Tuesday, September 20, 2011

JERRY WEINTRAUB on ELVIS PRESLEY, from "WHEN I STOP TALKING, YOU'LL KNOW I'M DEAD"



Jerry Weintraub tells a great story about his experience putting on an Elvis concert in Miami, and how he thought "out of the box" (or should I say out of the box office) to solve the problem of unsold seats.

He had promised Elvis that he (the King) would never play a concert to empty seats. Problem: Jerry was led to believe that a matinee was sold out, when in fact 5000 seats were still unsold. How would he fill so many seats in so little time? Solution: think opposite!

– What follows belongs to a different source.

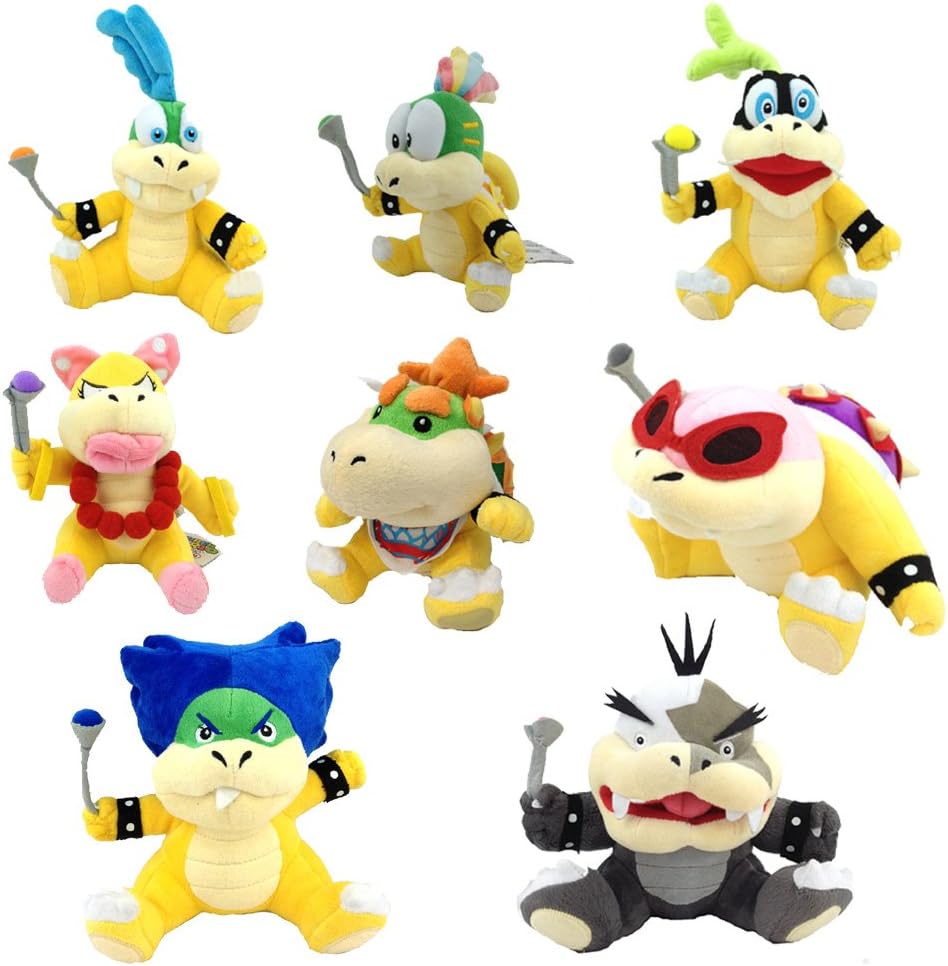 Yijinbo 8X Super Mario Bros Koopalings Plush Toy Baby Bowser Lemmy Larry Roy Wendy O. Morton Larry Iggy Stuffed Animal Soft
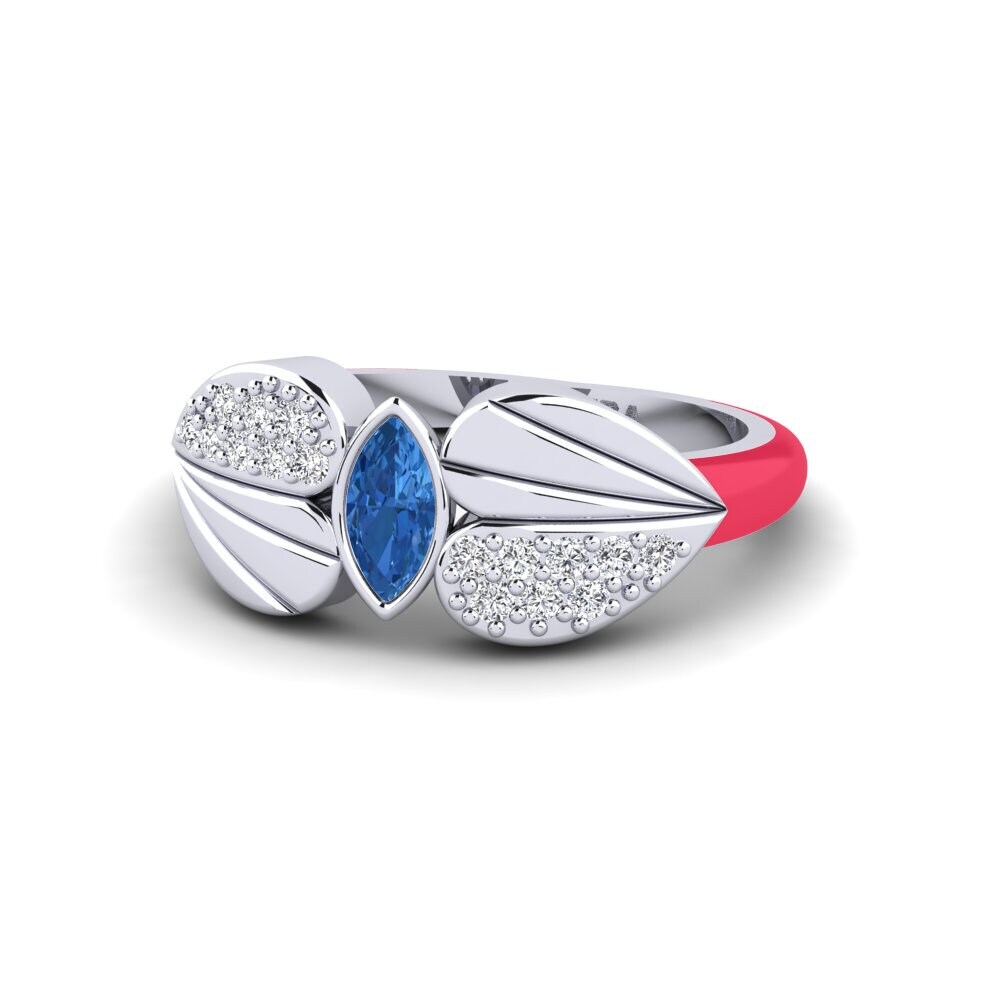 Dunkelblauer Zirkonia Pinker Ring Stirring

Play the video to hear Mr. Weintraub explain how he cleverly solved his problem... (hint: what is the opposite of filling seats? Or: if you do not want Elvis to see a sea of empty seats, what is another way to accomplish that besides putting people in those seats?)...

Tuesday, April 13, 2010

OppThink Golf: PHIL MICKELSON BACKWARDS CHIP SHOT

When your golf ball lies on a downward slope (say, next to a bunker by the green), and you are trying to get onto the green, a regular shot will be nearly impossible to pull off. What's the solution? Why, do the opposite, of course - hit the ball standing on the opposite side, and get under it so far that you "flip" it back over your body and onto the green. Of course, it helps if you're 2010 Masters champion (and 3-time Masters winner) Phil Mickelson...



...and below is a younger Phil (1992) explaining and doing the same backwards chip shot.

Wednesday, May 20, 2009

OppThink and Opportunity Cost

One economics topic I always found intriguing is "Opportunity Cost" (I'll refer to it as OppCost). Since you cannot do two things at once (although cellphones and other technologies are helping to change that), when you choose to do X you typically lose the opportunity to do Y.

For example, if you take a job at Xerox, you can't simultaneously work at Yahoo. If offered a job by both companies, you would weigh the benefits of one job against the benefits of the other (and the second job's benefits make up the OppCost of taking the first job). In this example, the things you would gain from taking Yahoo's offer is the OppCost of taking Xerox's offer. Similarly, the things you would gain from taking Xerox's offer is the OppCost of taking Yahoo's offer.

Here is another example in the arena of investing: "A person who invests $10,000 in a stock denies herself or himself the interest that could have accrued by leaving the $10,000 in a bank account instead. The opportunity cost of the decision to invest in stock is the value of the interest. A person who sells stock for $10,000 denies himself or herself the opportunity to sell the stock for a higher price in the future, inheriting an opportunity cost equal to future price minus sale price." (source: Wikipedia)

In general, when deciding whether or not to do X, you should weigh the opportunity cost of doing X -- that is, add up all the things you give up if you decide to do X.

OppThink and Opportunity Cost (OppCost) are obviously related concepts. The OppCost of X is the value of "the opposite of X" -- where I define opposite here as all the things you can do if you don't do X. OppCost is another example of how looking at "opposite situations" or "opposite activities" can have great value.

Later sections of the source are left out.